Las acciones del Emden y el Seeadler
se desarrollaron en un ambiente digno de las
novelas de Joseph Conrad. Fueron su escenario mayoritariamente el ancho
Pacífico, el Mar de China, la bahía de Bengala, el Índico. Era entonces aún un
mundo de vapores, viejos mercantes y veleros, cargamentos de carbón y copra,
puertos atestados de rumores y oportunidades, praos y sampanes, cielos
arrebolados y atardeceres púrpuras heraldos de tifones. ¡Qué lejos queda Verdún
del Estrecho de la Sonda, el cráter de un obús del del Krakatoa!
Releo estos días en Formentera acodado
en una mesa sobre el mar en el chiringuito Pelayo mientras al lado Jorge
Drexler y unos hippies se unen en una improvisada jam session –“en el
borde de tus aguas/ hay un murmullo de sal”- las memorias (la mayoría compradas
a precio de oro en librerías de lance) del conde Felix de Luckner , el
irrepetible capitán del Seeadler, las del Primer Oficial del Emdem,
Helmuth von Mücke, cuya increíble odisea le llevó a ¡luchar en el desierto de
Arabia!, las del oficial de presa del mismo barco, Julius Lauterbach, Juley el
Gordo, larger tan life, que luego comandó otro célebre corsario, el Möwe
(Gaviota), y toda la maravilla y nostalgia de esas viejas vidas de marinos
perdidos me abruma como si fueran páginas de Lord Jim. Más aún porque
acompaño la lectura con largos tragos de licor de hierbas.
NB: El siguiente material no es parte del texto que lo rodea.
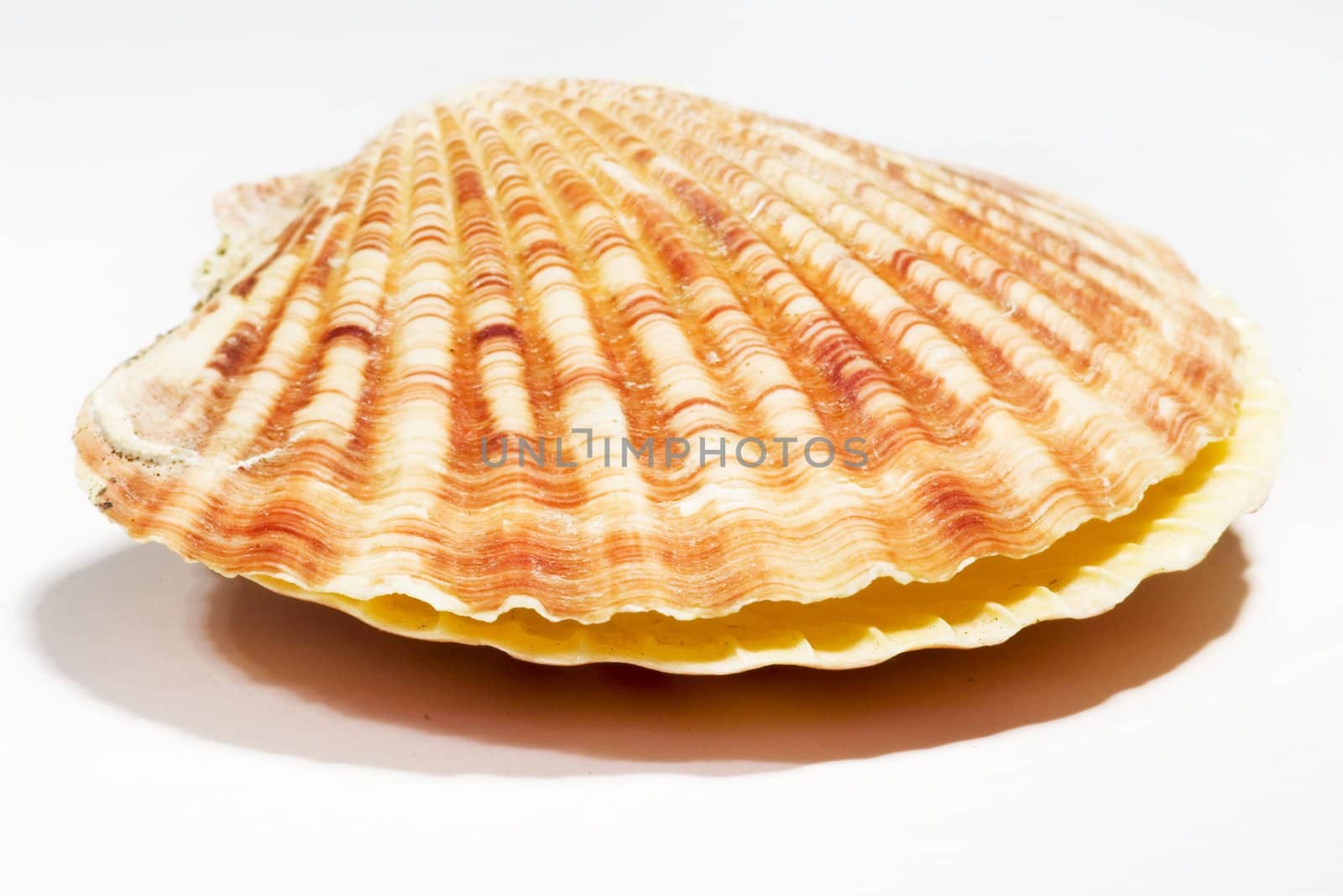 beautiful Seashell isolated on white background by dolnikow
El Conde de Luckner, ”el diablo del
mar”, Seeteufel, es un personaje sensacional. Se escapó de casa a los
13 años para ver el show de Buffalo Bill y ser marino, se enroló en un barco
ruso del cual se cayó y fue rescatado gracias a la intercesión de unos
albatros, abandonó el buque en Australia donde vivió siete años practicando los
más insólitos oficios incluido el de cazador de canguros. Individuo de amplios
intereses –boxeaba y ¡era un gran mago!–, viajó muchísimo por todo el mundo,
incluso conoció al famoso rey Joja de Bamum (Camerún), que vestía de húsar,
aunque sin pantalones, y exhibía una copa decorada con los maxilares de sus
enemigos, hasta acabar enrolado en la marina del Káiser, con la que sirvió en
la batalla de Jutlandia. En 1916 le ofrecieron el insólito mando de un velero
para burlar el bloqueo británico y actuar como corsario auxiliar contra su
tráfico naval. El navío era un bricbarca de tres palos escocés apresado por un
submarino alemán y al que se le instalaron dos cañones de 105 mm, varias
ametralladoras y un motor diésel. Vamos, como para ganar cualquier regata.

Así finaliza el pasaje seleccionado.